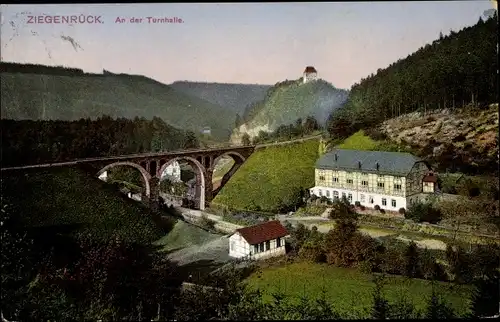 Ak Ziegenrück an der Saale Thüringen, An der Turnhalle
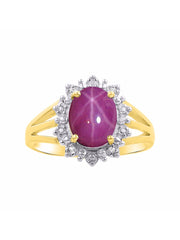 Rylos Yellow Gold Plated Silver Ring with Princess Diana Inspired 9X7MM Gemstone and a Halo of Diamonds - Birthstone Jewelry for Women in Sizes 5-10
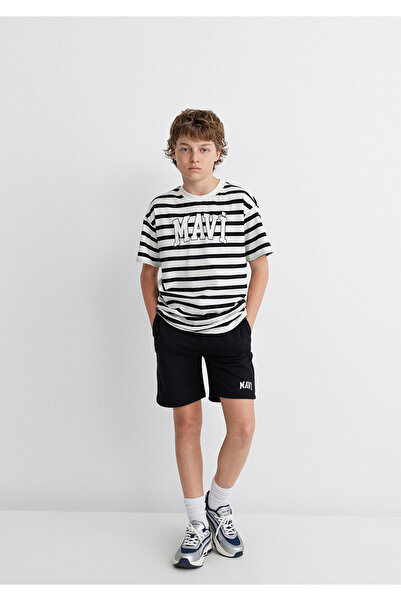 Mavi Schwarze Shorts mit Logo-Print 6410003 -900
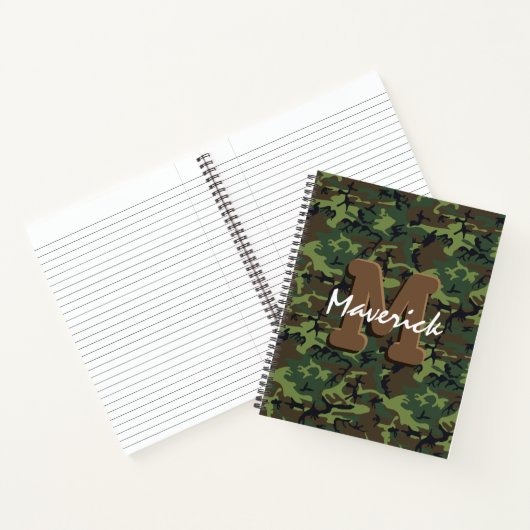 Masculine Boy Army Camouflage Notizblock (Innenseite)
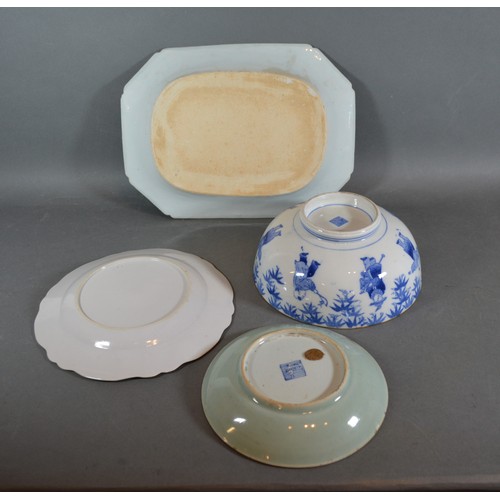 23 - A 19th Century Chinese underglaze blue decorated octagonal dish together with a bowl, and two dishes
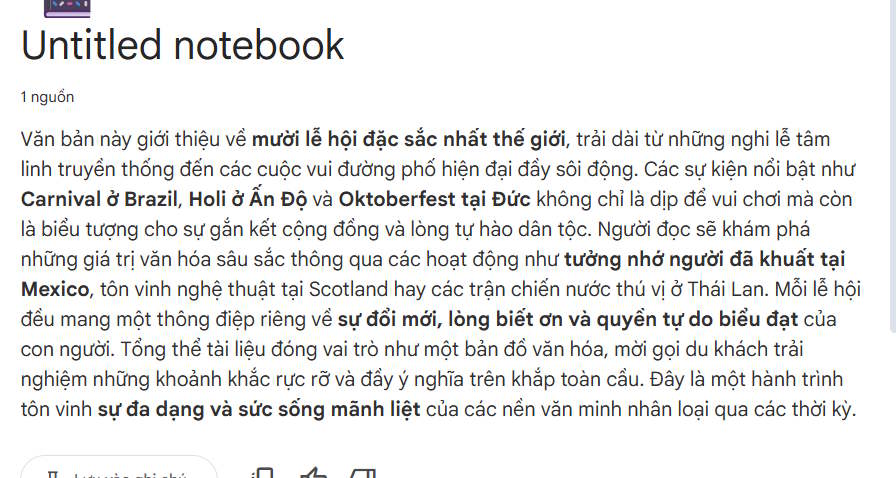 Tóm tắt nội dung từ nguồn tải lên NotebookLM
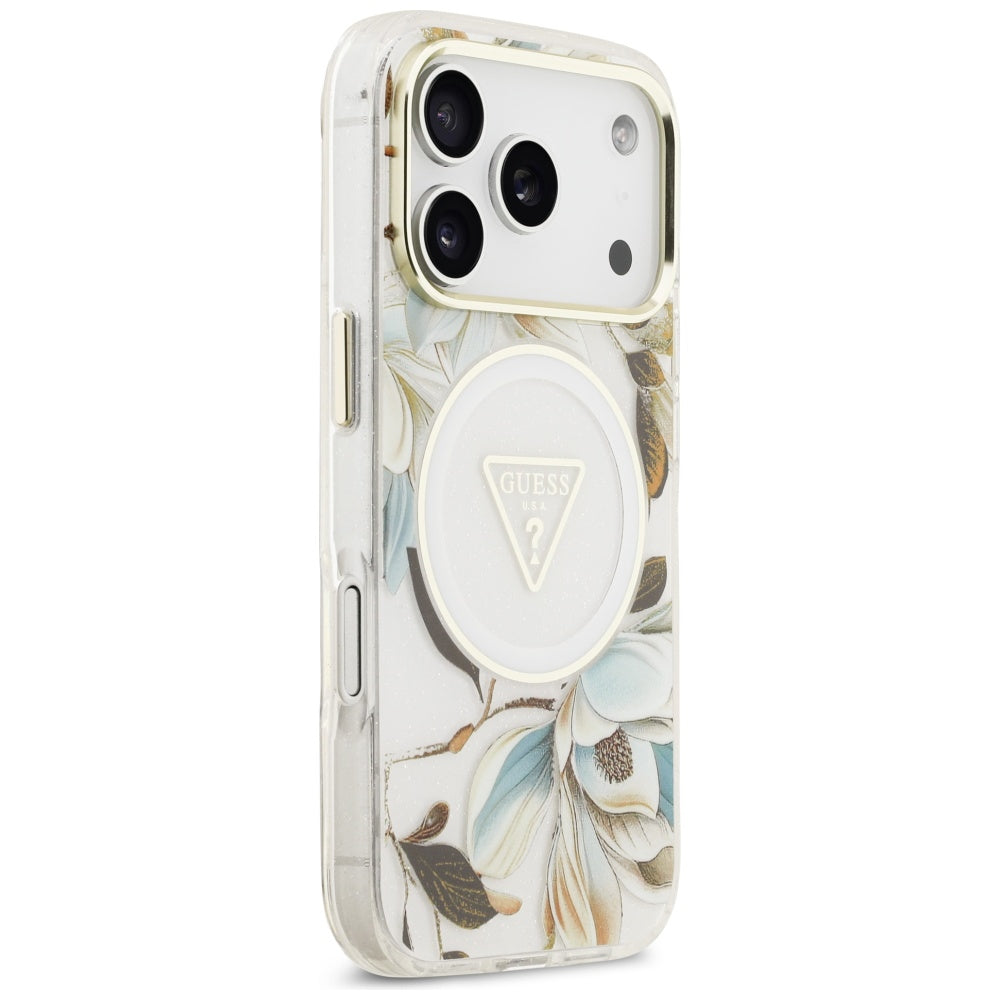 MagSafe-deksel for Apple iPhone 17 Pro Max, Guess, IML Metal Glitter Flowers Triangle, Hvit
-----
» **What is required**: Produce an exact copy of only those lines that run from the line with "23 - A 19th" to the final line of the records, including both; exclude images.

» **Response**:
 23 - A 19th Century Chinese underglaze blue decorated octagonal dish together with a bowl, and two dishes
 Tóm tắt nội dung từ nguồn tải lên NotebookLM
 MagSafe-deksel for Apple iPhone 17 Pro Max, Guess, IML Metal Glitter Flowers Triangle, Hvit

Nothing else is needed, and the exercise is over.